## Instructions to follow
Would you please transcribe the records below exactly, leaving out the pictures?

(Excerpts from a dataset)
►
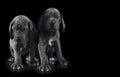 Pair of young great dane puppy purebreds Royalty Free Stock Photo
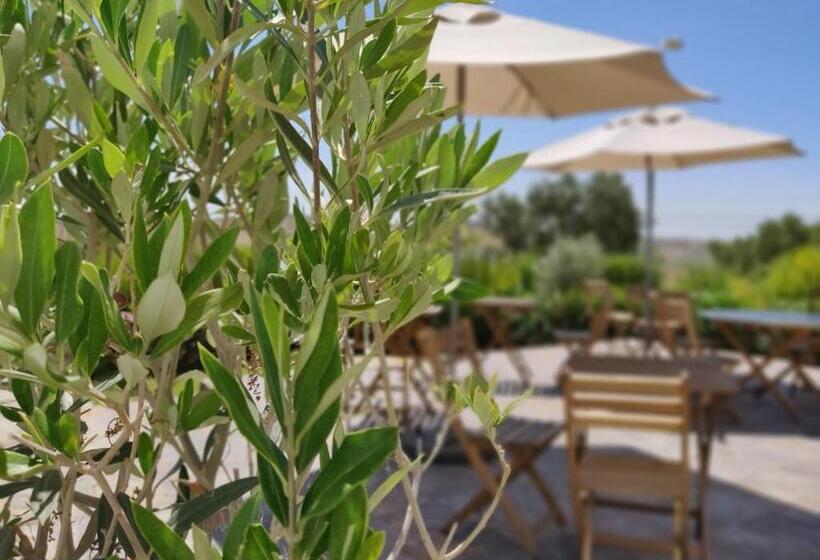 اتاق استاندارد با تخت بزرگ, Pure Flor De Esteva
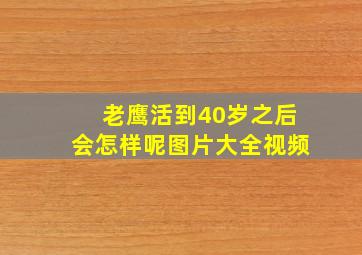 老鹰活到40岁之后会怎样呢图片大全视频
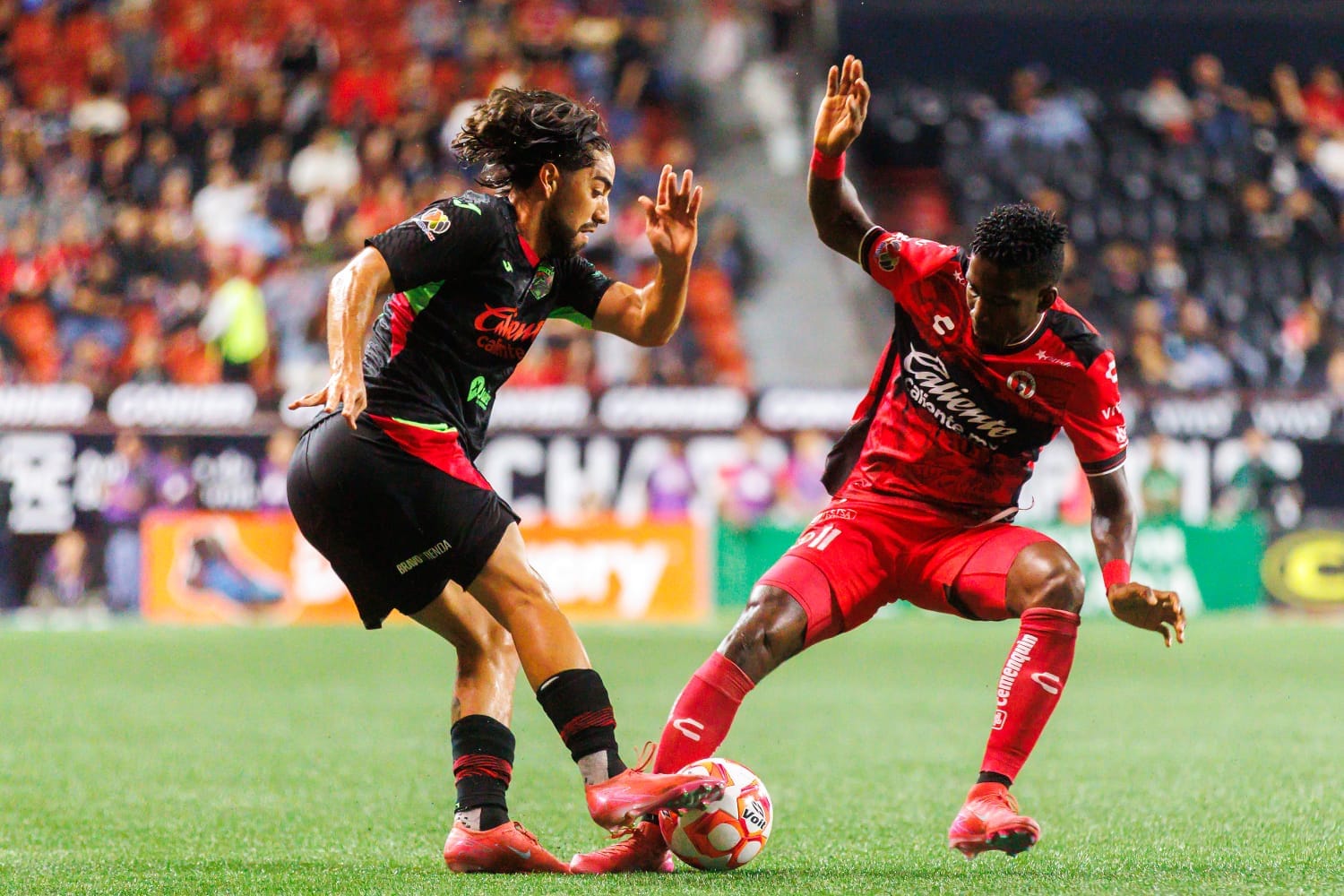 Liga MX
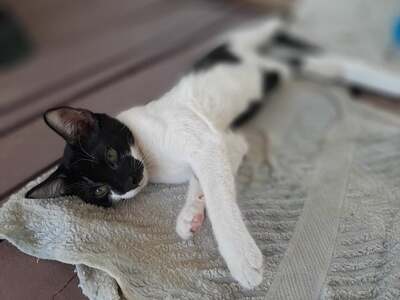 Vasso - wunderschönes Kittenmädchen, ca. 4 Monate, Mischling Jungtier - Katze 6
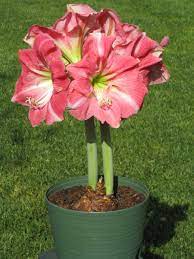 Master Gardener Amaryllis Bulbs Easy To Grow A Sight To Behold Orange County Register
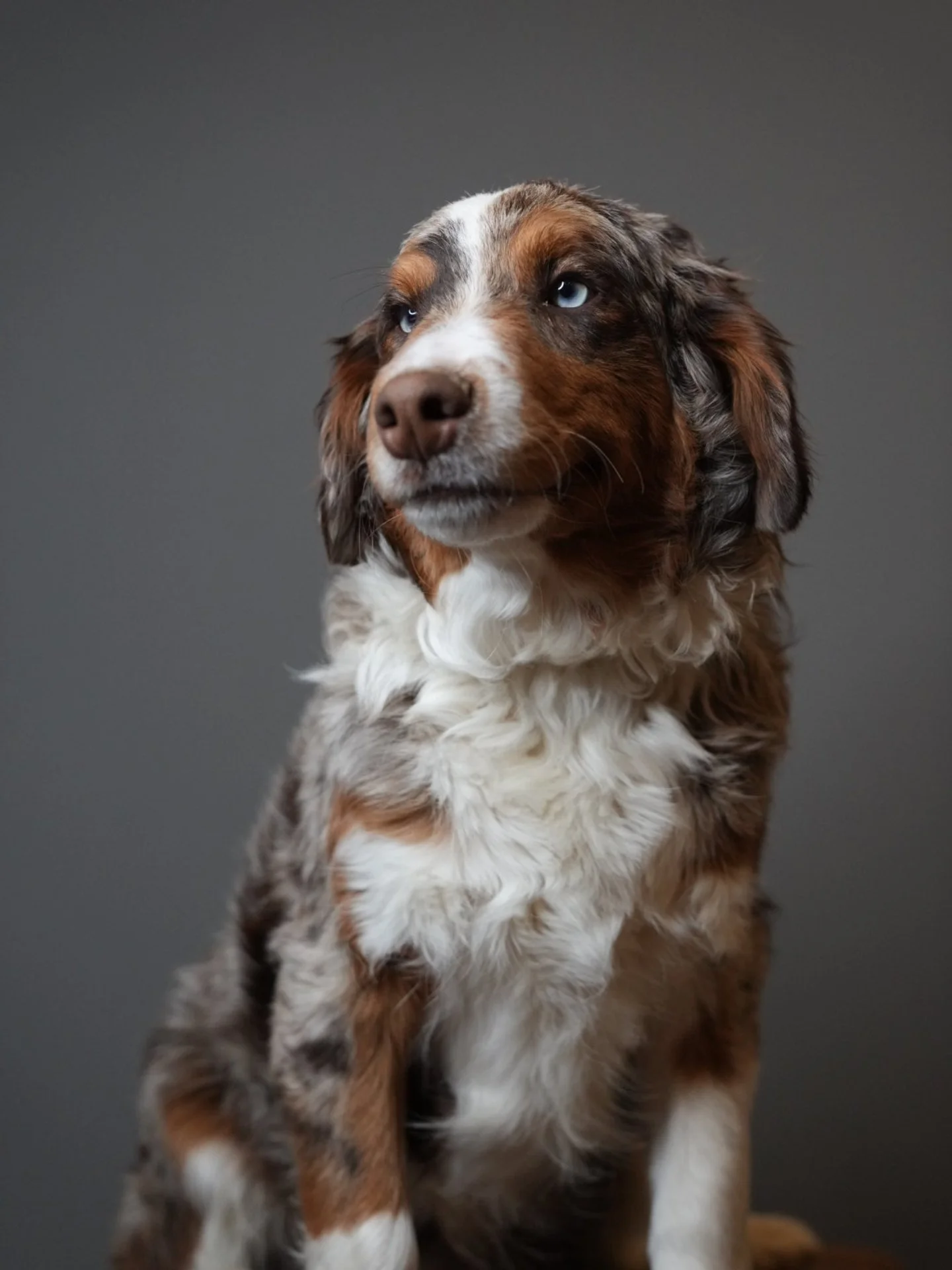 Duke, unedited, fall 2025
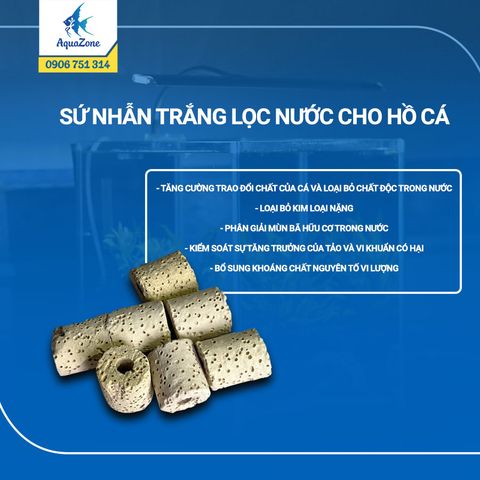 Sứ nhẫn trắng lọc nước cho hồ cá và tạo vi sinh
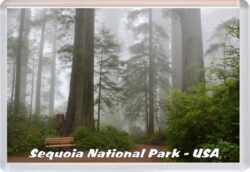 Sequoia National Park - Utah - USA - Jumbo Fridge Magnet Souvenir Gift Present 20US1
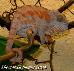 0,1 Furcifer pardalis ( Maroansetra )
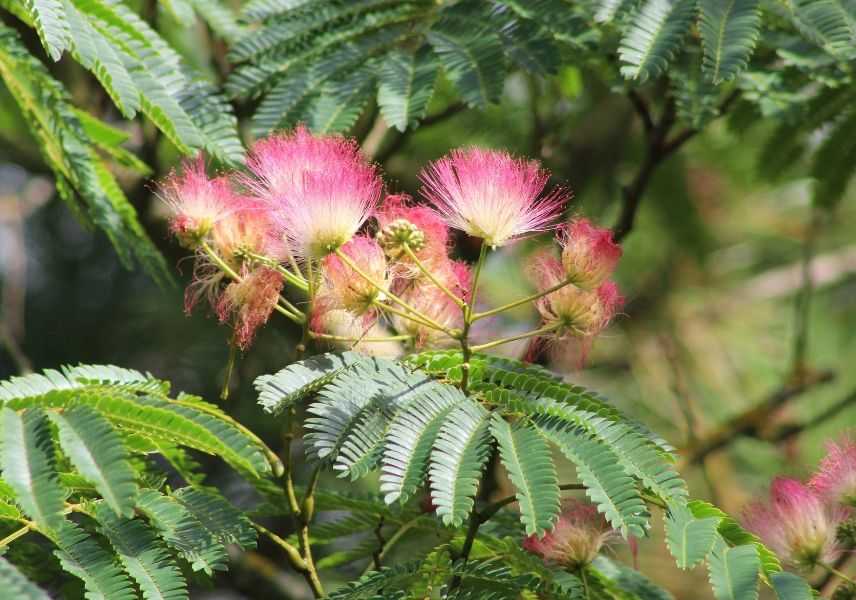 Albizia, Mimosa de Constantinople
◄
## Worked solution
 Pair of young great dane puppy purebreds Royalty Free Stock Photo
 اتاق استاندارد با تخت بزرگ, Pure Flor De Esteva
 老鹰活到40岁之后会怎样呢图片大全视频
 Liga MX
 Vasso - wunderschönes Kittenmädchen, ca. 4 Monate, Mischling Jungtier - Katze 6
 Master Gardener Amaryllis Bulbs Easy To Grow A Sight To Behold Orange County Register
 Duke, unedited, fall 2025
 Sứ nhẫn trắng lọc nước cho hồ cá và tạo vi sinh
 Sequoia National Park - Utah - USA - Jumbo Fridge Magnet Souvenir Gift Present 20US1
 0,1 Furcifer pardalis ( Maroansetra )
 Albizia, Mimosa de Constantinople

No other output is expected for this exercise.